Distinguishing between customers’ nice-to-haves and gotta-haves …

Excerpted from: HBR, What Do Customers Really Want?, by Almquist & Lee, April 2009

Most customer-preference rating tools used in product development today are blunt instruments, primarily because consumers have a hard time articulating their real desires.

Asked to rate a long list of product attributes on a scale of 1 (“completely unimportant”) to 10 (“extremely important”), customers are apt to say they want many or even most of them.

To crack that problem, companies need a way to help customers sharpen the distinction between “nice to have” and “gotta have.”
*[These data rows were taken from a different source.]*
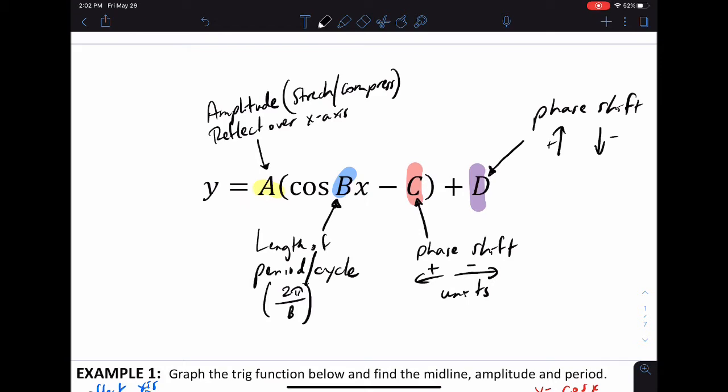C and D are phase shifts. C is a phase shift left or right — remember, C lies: if it's positive it goes left, if it's negative it goes right. D tells the truth: positive D moves the graph up, negative D moves it down.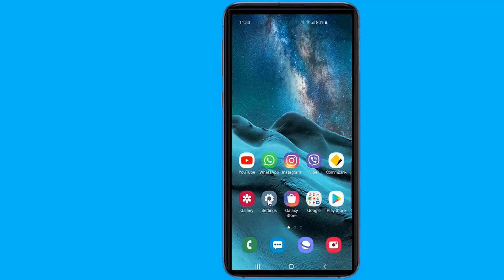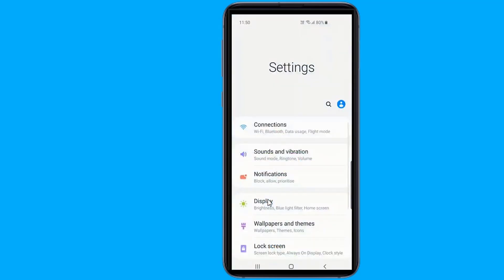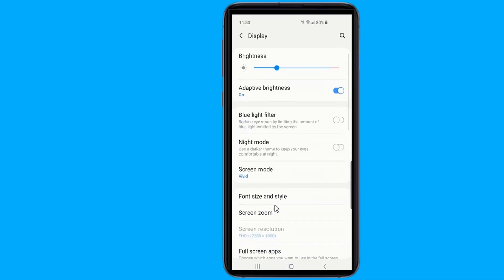Tap on the phone settings icon. Scroll down through the menu options until you see the Display selection, and then tap on it. Go to the Night Mode option, and then tap on the toggle on the right side to turn it on.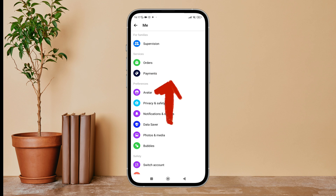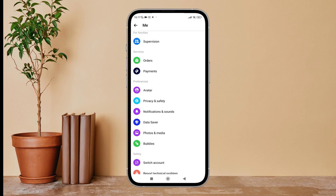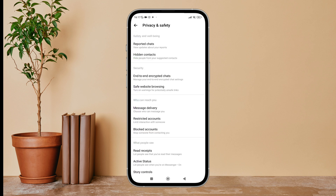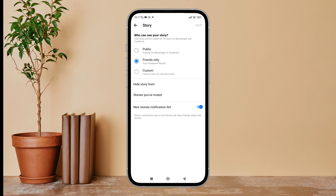After that, scroll until you find Privacy and Safety, then tap on it. You can see the option of Story Controls at the bottom — tap on it. Next, you can see the option of New Stories Notification Dot. Turn it off by tapping on it.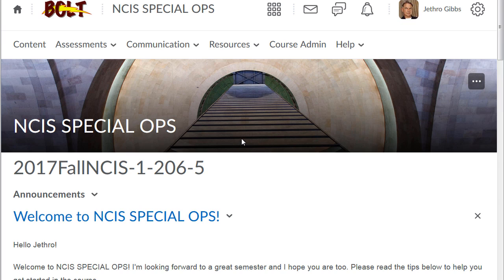Hi everyone, this is Shea at the IMDC and I just want to call your attention to a very important change in Bolt. We had an update to the assignment tool that creates hidden assignment folders, and actually the hidden state is the default state of the tool. So if you're in Bolt and you're creating assignment submission folders, you may be creating hidden folders which students won't be able to see.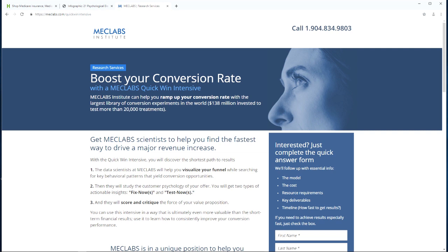It emphasizes that again beneath it: 'Get MECLABS scientists to help you find the fastest way to drive a major revenue increase.' Look at what items one, two, and three do — they're not a bunch of rabid claims, there should be no hyperbole. What you're looking at is an explanation of the three key elements that compose what this is. Here comes the what: 'The data scientists at MECLABS will help you visualize your funnel while searching for key behavioral patterns that yield conversion opportunities.'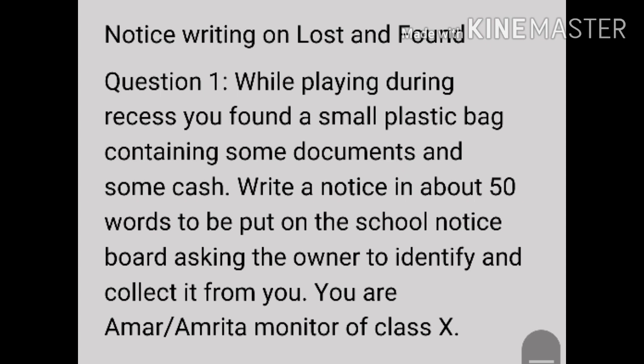Iske baad hum lete hain ek aur example notice writing ka jo lost and found category mein aata hai. While playing during recess, you found a small plastic bag containing some documents and some cash. Write a notice in about 50 words to be put on the school notice board, asking the owner to identify and collect it from you. You are Amar or Amrita, monitor of class 10.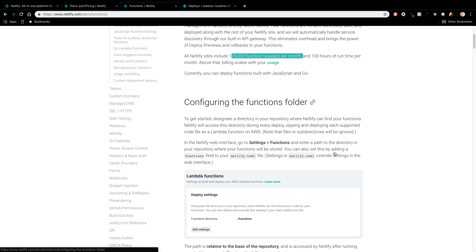So you guys can look through the docs here to see what actually setting up the code is. I've also got a video that you guys can check out on creating and deploying your first Lambda function if you're interested in actually going and doing that.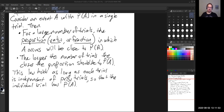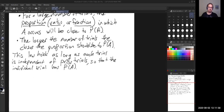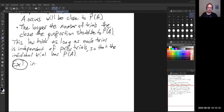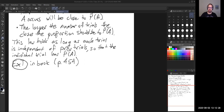Let's look at Example 1 from the book, which is on page 454. I'll read the problem first and then we'll go through it as a class.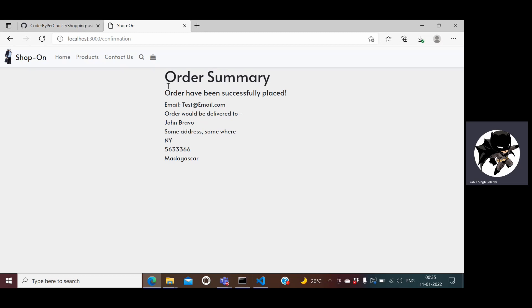Basically we can add the functionality of sending the product to the email with the detailed invoice and then storing all the orders in some database, but for now I have not enabled all those functionalities, it's just a very simple application.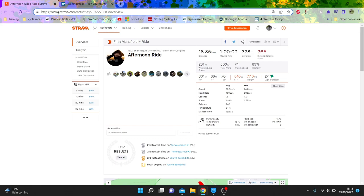Alright, so today we're going to go through some cyclocross power data. Now this is pretty rare because most of the time you don't really get power data from cyclocross because most people don't have power.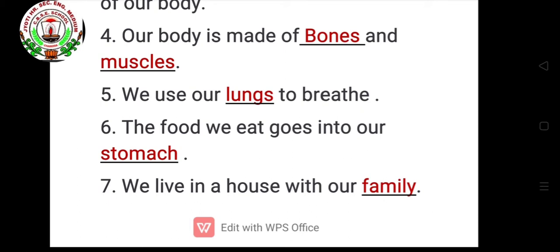Sixth: The food we eat goes into our blank — stomach, S T O M A C H. Seventh: We live in a house with our blank — family, F A M I L Y. Eighth: A small family is a blank family — nuclear, N U C L E A R. Ninth: The blank is written after the first name — surname, S U R N A M E.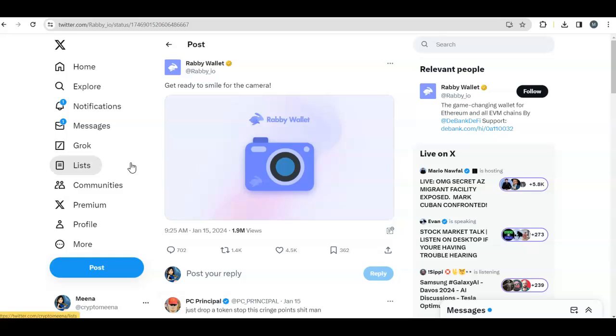Hello and welcome to my channel. I'm CryptoMina, thank you for joining me today. Two days ago, Rabby Wallet posted on Twitter this image which is a screenshot. This means they are going to take a snapshot and drop the tokens.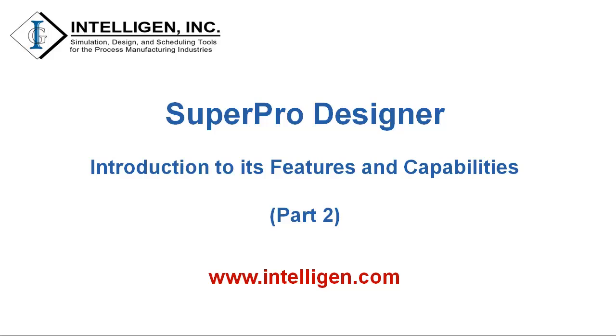This is Part 2 of the SuperPro Designer Overview. If you have not yet watched Part 1 of this video series, please watch that video prior to watching this video.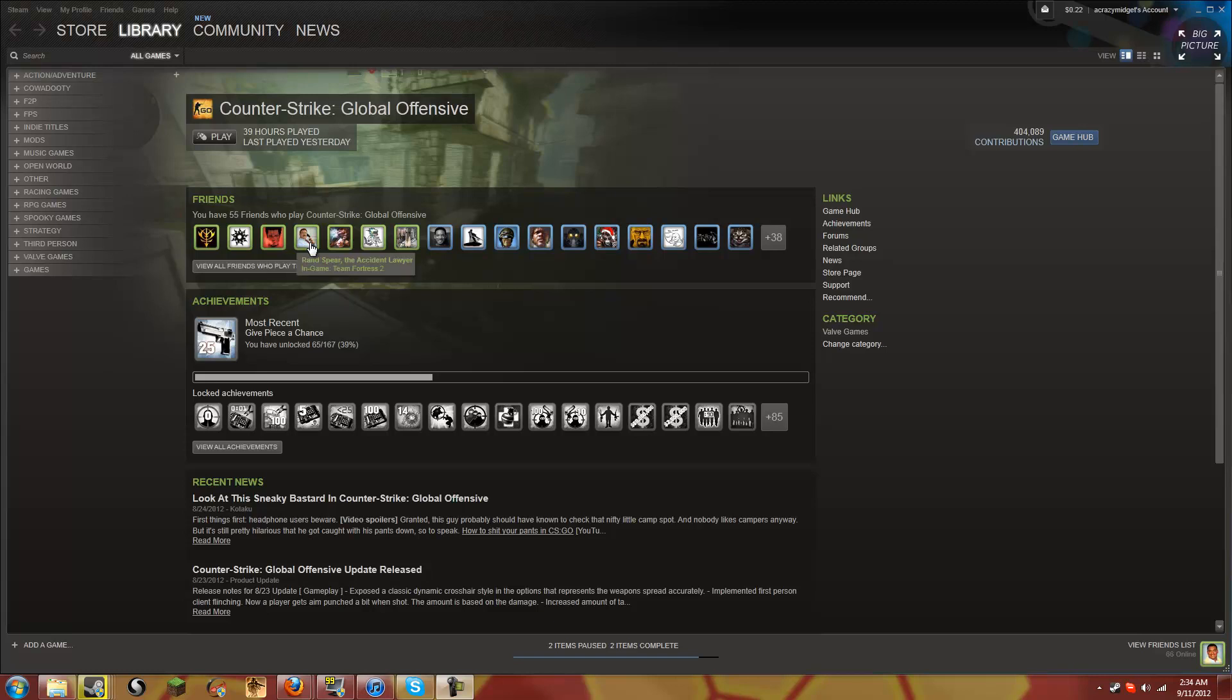Hello everybody, RandomGnome here and I have something different for you today. It's going to be a little overview showing what Steam's new update Big Picture is.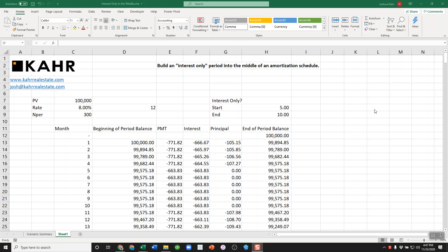They said, well, it's great that you can do interest-only at the beginning of an amortization table, but how would you do it in the middle? It's pretty simple, actually.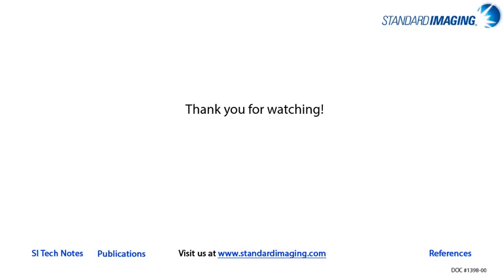Thank you for joining us in our discussions of dosimetry topics. Please refer to the links below to access information on small field measurements, as well as the instrumentation available from Standard Imaging.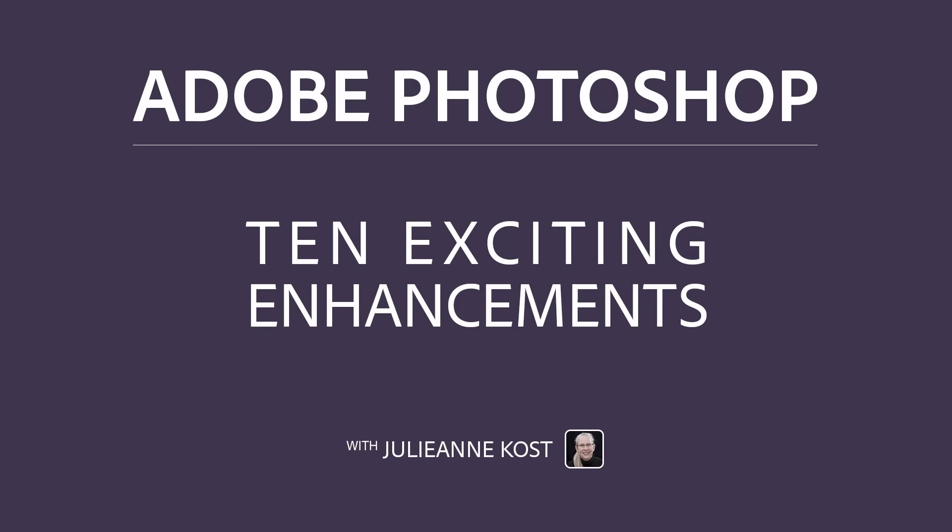Hi, I'm Julianne Kost. Here are 10 recent enhancements made to Photoshop that I want to be sure that you didn't miss.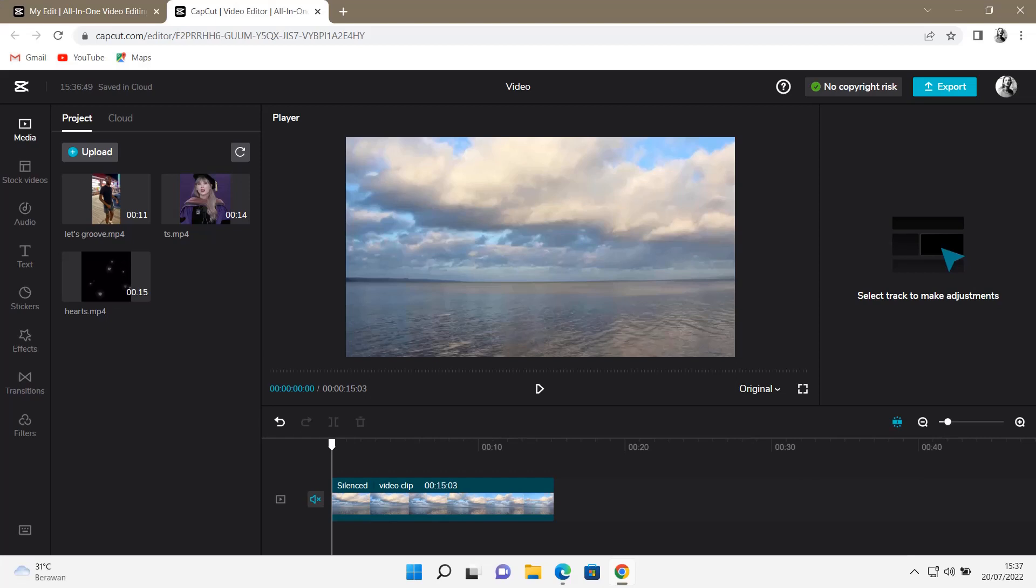Hey guys, and welcome back to this channel. In this video, I'll be showing you guys how you can add text-to-speech to your videos on CapCut Browser.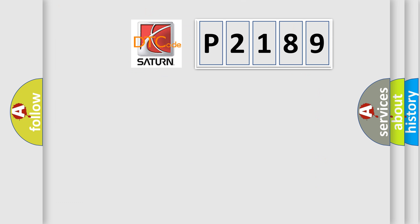So, what does the diagnostic trouble code P2189 interpret specifically for SAT and car manufacturers? The basic definition is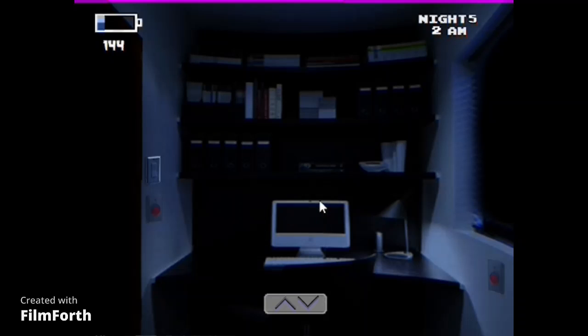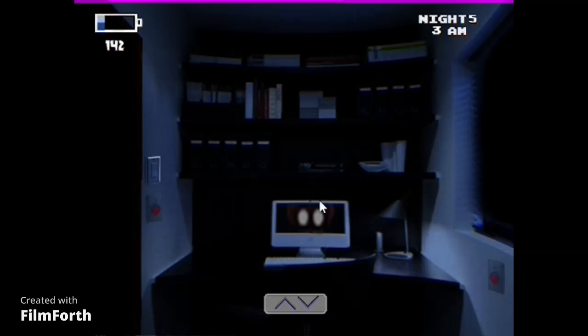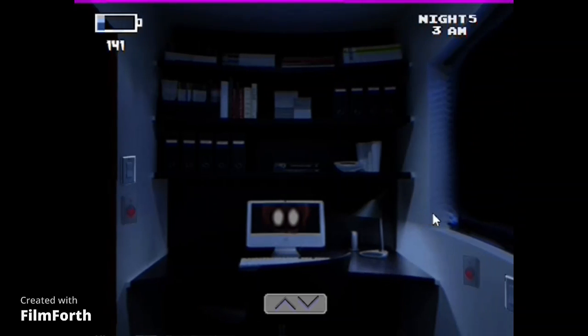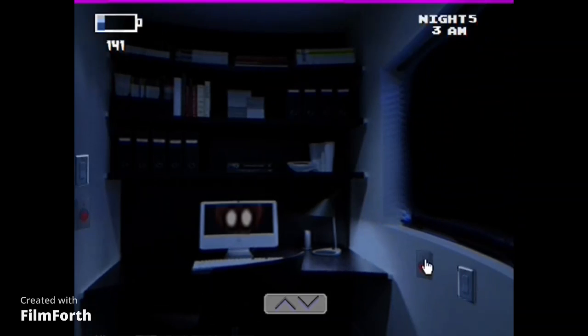This would be really funny if I managed to get through the entire night. It's 3am. I'm sure jumpscare will be inbound any moment. I know they're holding back for a little bit.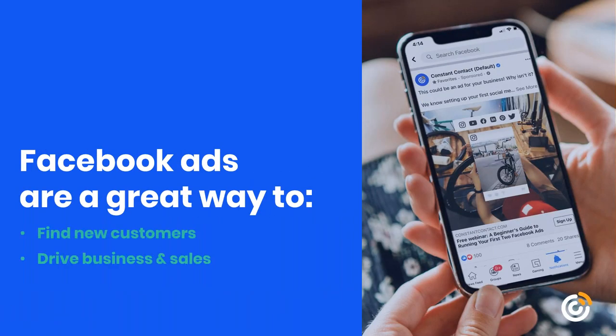When it comes to social media, the landscape has changed over the years, and in many cases, you do have to pay to reach people. Facebook ads are a great way to find new customers, drive business, sell more, and even grow your email list. The thought of running your first Facebook ads can seem intimidating and expensive, especially when you aren't sure what you're doing. You don't want to waste money, so you want to make sure you're creating ads that get results.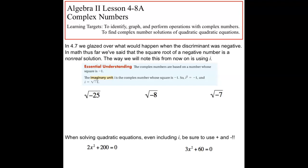Welcome back. Today we are going to look at section 4.8, dealing with complex numbers. Our learning targets are to identify, graph, and perform operations with complex numbers. We're going to save finding complex number solutions for quadratics until later.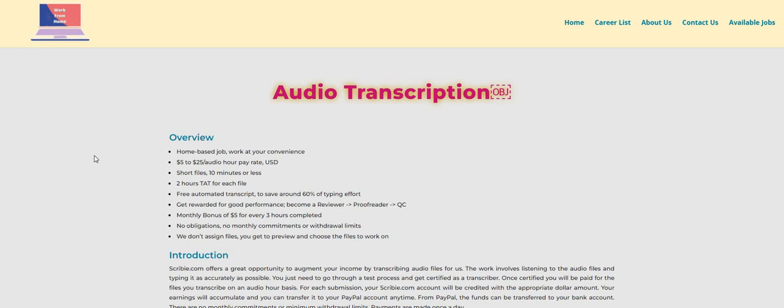Let's get right into it. So the company is Scribby and they're looking for audio transcriptionists. Now it says here an overview. This is a home based job. You work at your own convenience so you can log in and out whenever you guys get ready. They pay you to type out short files and the files could be 10 minutes or less.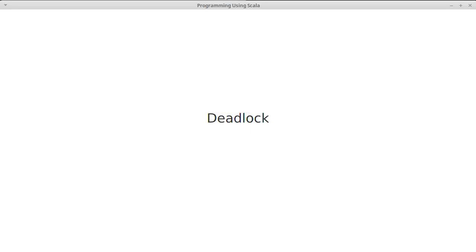Earlier we saw how synchronization can be used to prevent race conditions. We talked about the fact that synchronization can actually slow things down and make it so that it isn't worth parallelizing. Speed isn't the only issue with synchronization. It turns out that over-synchronizing your code can lead to one of the other main problems with multi-threading.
Some companies are beginning to pierce the fog using a research technique called “Maximum Difference Scaling.” which requires customers to make a sequence of explicit trade-offs.

  • Researchers begin by amassing a list of product or brand attributes—typically from 10 to 40— that represent potential benefits.
  • Then they present respondents with sets of four or so attributes at a time, asking them to select which attribute of each set they prefer most and
    least.
  • Subsequent rounds of mixed groupings enable the researchers to identify the standing of each attribute relative to all the others by the number of times customers select it as their most or least important consideration.

A popular restaurant chain recently used MaxDiff to understand why its expansion efforts were misfiring. In a series of focus groups and preference surveys, consumers agreed about what they wanted: more healthful meal options and updated decor.

But, using MaxDiff showed that prompt service of hot meals and a convenient location were far more important to customers than healthful items and modern furnishings, which ended up well down on the list.

The best path forward was to improve kitchen service and select restaurant sites based on where customers worked.